Aaron Wilson (top photo) will serve 50 years of an 80-year sentence after killing Casey Robinson (bottom left) and Beaudovin Tchakounte (bottom right) on August 27, 2019 in an Uber shared ride after smoking PCP. (Screengrabs)

By Micha Green
AFRO D.C. and Digital Content Editor

A ride-sharing nightmare is now seeing some semblance of justice, after Aaron Wilson pled guilty to murdering fellow passenger Casey Robinson, 32 and Uber driver Beaudovin Tchakounte, 46 in Oxon Hill, Maryland on August 27, 2019.  On April 30, Wilson entered a guilty a plea to two charges of second-degree murder after he killed Robinson and Tchakounte while high on PCP, then fled the scene and walked home.  He was sentenced to 80 years of prison, with 30 years suspended, and five years of supervised probation.

Back in August 2019, after finishing his shift at Henry’s Soul Food Cafe, Wilson smoked some PCP and called an Uber shared car.  Tchakounte picked Wilson up with Robinson in the car and the shooting was suspected to have occurred soon after.

At 9:46 p.m. Prince George’s County police responded to a reported shooting on Indian Head Highway near the I-495 ramp, where they found the gunshot wounded bodies of Robinson and Tchakounte. The two men were pronounced dead ten minutes later.

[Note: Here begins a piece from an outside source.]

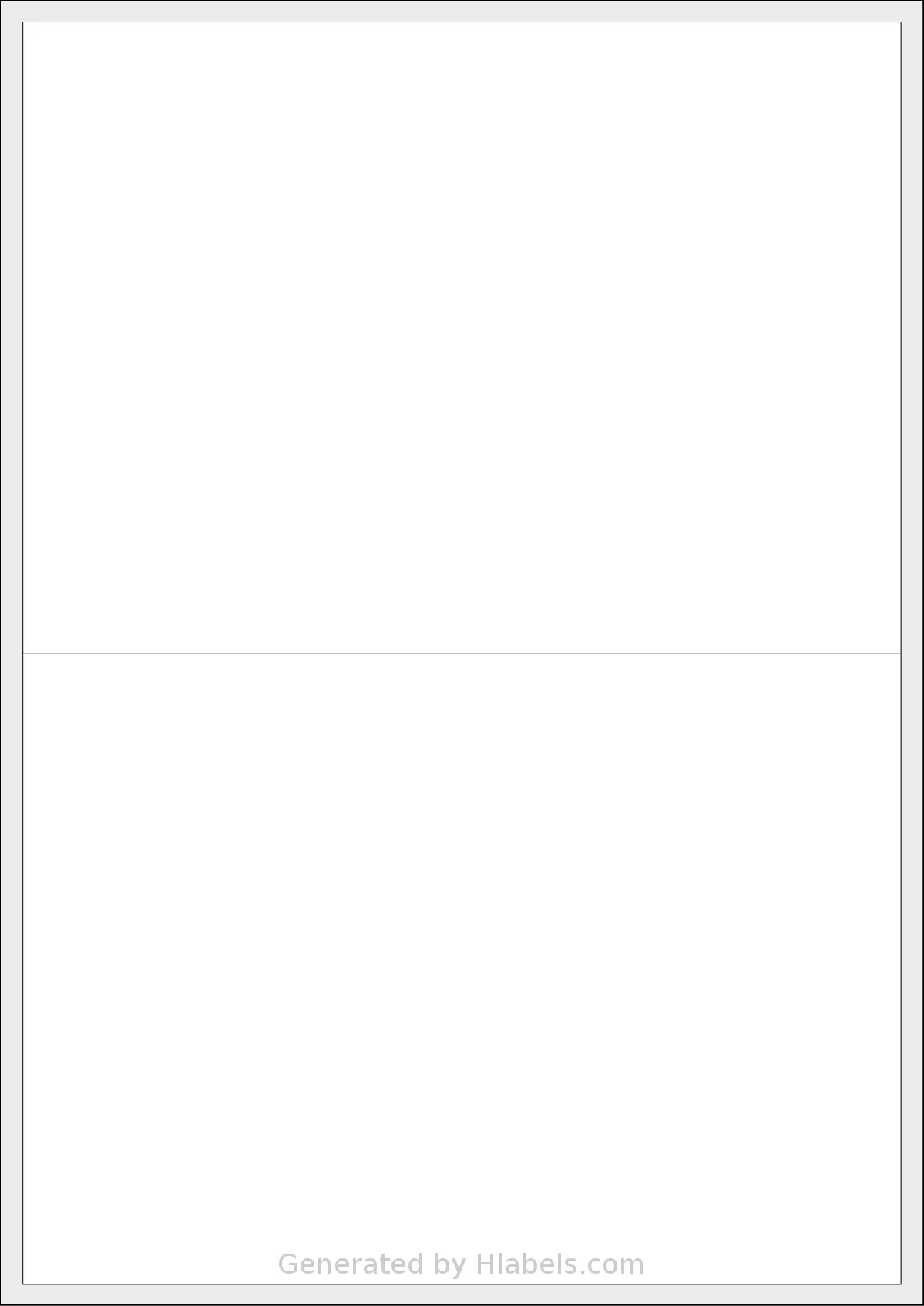 Tanex® TW-2002 template with 2 rectangular 199.6 x 143.5 millimeter labels per sheet, on A4-size adhesive blank label sheets.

Witnesses told police they saw a man fleeing the scene into the woods.  Police immediately began the investigation and were quickly able to trace the last ride to Wilson, which Uber corroborated. Wilson’s phone number led authorities to his mother’s house in Fort Washington, where he was found sleeping.

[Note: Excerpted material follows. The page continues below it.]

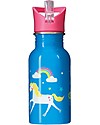 Frugi Splish Splash Steel Bottle - Motosu Blue/Unicorn - 400ml Non-Thermal Water Bottles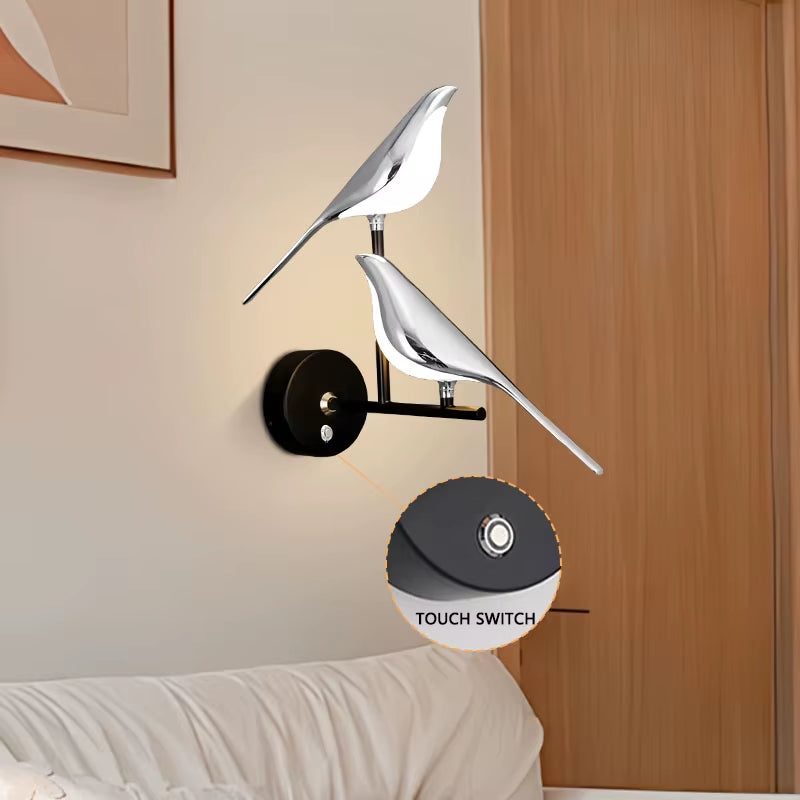 Aplica LED Decorativă cu Păsărele Magpie – Iluminare de Perete cu Comandă Tactilă, Rotire 360°, pentru Dormitor și Living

He then told police that he had no recollection of what happened, as he was high on PCP, but said that “he messed up and everything happened so fast,” according to a 2019 {WTOP} article.

Phenylcyclohexyl (piperidine),  better known as PCP, or boat in the D.M.V. area, is a mind-altering substance that can cause hallucinations and extreme distortions of reality.  According to Drugs.com, two of the wide array of possible side effects from PCP include: “acute anxiety and a feeling of impending doom, paranoia, violent hostility, a psychoses indistinguishable from schizophrenia,” and “auditory hallucinations, image distortion, severe mood disorders and amnesia.”  These side effects support Wilson’s claims of why he did not recall all the ins and outs of the tragic incident resulting in the fatalities of two men.

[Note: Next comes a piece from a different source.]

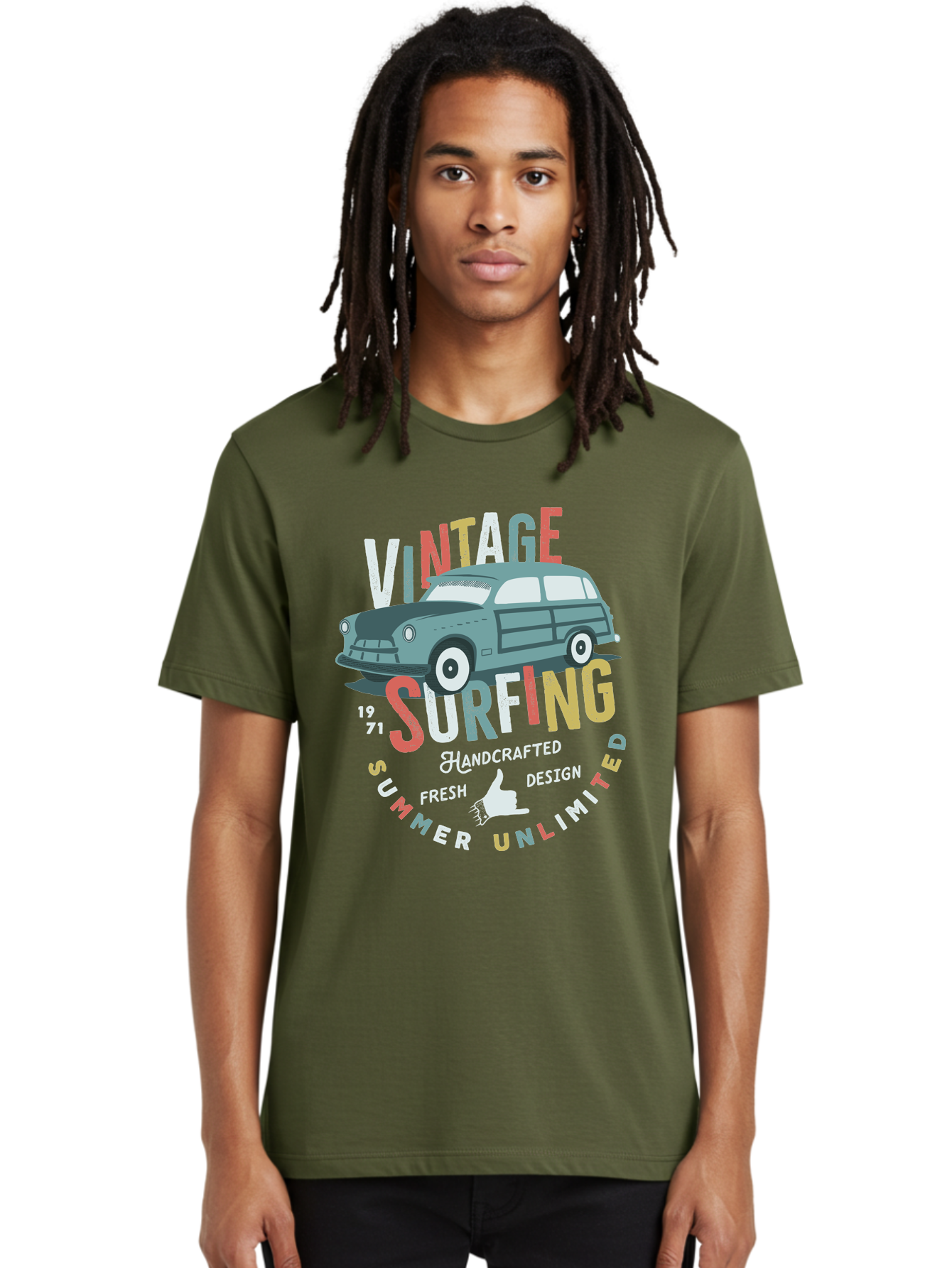 Vintage-Surfing Men'S Graphic Tee, 100% Cotton, Comfortable Casual Summer Wear, Machine Washable, Vintage Car, Surfing Culture, Handcrafted Design, Summer Vibes, Retro Style, Fresh Design, Thumbs Up, 1971, Unlimited Summer, Nostalgic Feel, Aab961 26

“I want the family of the victims in this case to know that while there is no consolation for their tremendous suffering and loss, I hope that today’s outcome provides some level of peace knowing that the man responsible for this tragedy will not be able harm anyone else and is being held accountable for his heinous crimes,” State’s Attorney Aisha Braveboy said in a statement after Wilson’s sentencing.